RI Berpotensi Jadi Pemain Industri Digital Terbesar di Asia Tenggara
Potensi ekonomi digital Indonesia diprediksi mencapai Rp 4.500 triliun.
REPUBLIKA.CO.ID, JAKARTA -- Menteri Badan Usaha Milik Negara (BUMN) Erick Thohir memproyeksikan, Indonesia mampu menjadi pemain industri digital terbesar di Asia Tenggara dalam delapan tahun ke depan ditopang potensi ekonomi digital yang diprediksi mencapai Rp 4.500 triliun.
"Pertanyaan saya selalu sama, kapan perubahan ini terjadi kalau kita tidak adaptasi sehingga akhirnya kita hanya jadi market. Saat hanya menjadi market, maka tidak ada investasi untuk pembukaan lapangan kerja dan ekonomi akan tumbuh lebih besar di negara lain," ujarnya dalam keterangan di Jakarta, Rabu (3/8/2022).

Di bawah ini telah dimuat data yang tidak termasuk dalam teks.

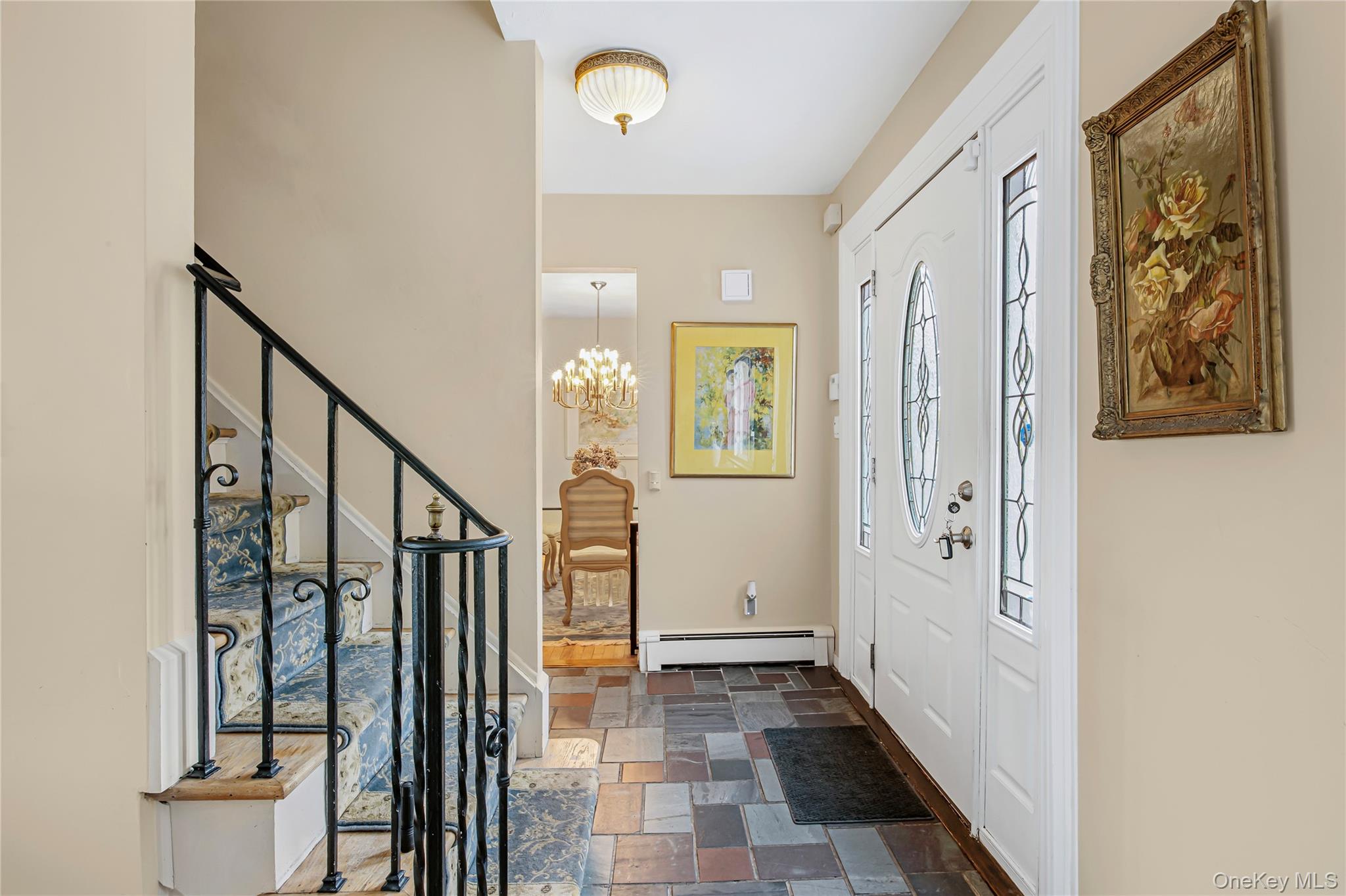 35 High Hills Lane, Huntington Station, NY 11746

Erick menyebutkan sudah terlalu lama sumber daya alam dan pasar besar Indonesia hanya dijadikan sebagai pertumbuhan ekonomi dan pembukaan lapangan kerja bagi negara lain. Untuk itu, lanjut Erick, pemerintah bekerja keras untuk melakukan perubahan dengan menekan pengiriman sumber daya alam (SDA) dalam bentuk bahan baku ke luar negeri, salah satunya dengan memperkuat ekosistem industri baterai listrik.
Ia menilai, keberpihakan terhadap sumber daya alam berdampak besar bagi masyarakat lewat terciptanya pembukaan lapangan kerja dan pertumbuhan ekonomi."Kita tidak antiasing atau antiinvestasi luar negeri, tapi keseimbangan pertumbuhan yang merata harus dipastikan, pertumbuhan Indonesia harus lebih tinggi dari negara lain," kata Erick.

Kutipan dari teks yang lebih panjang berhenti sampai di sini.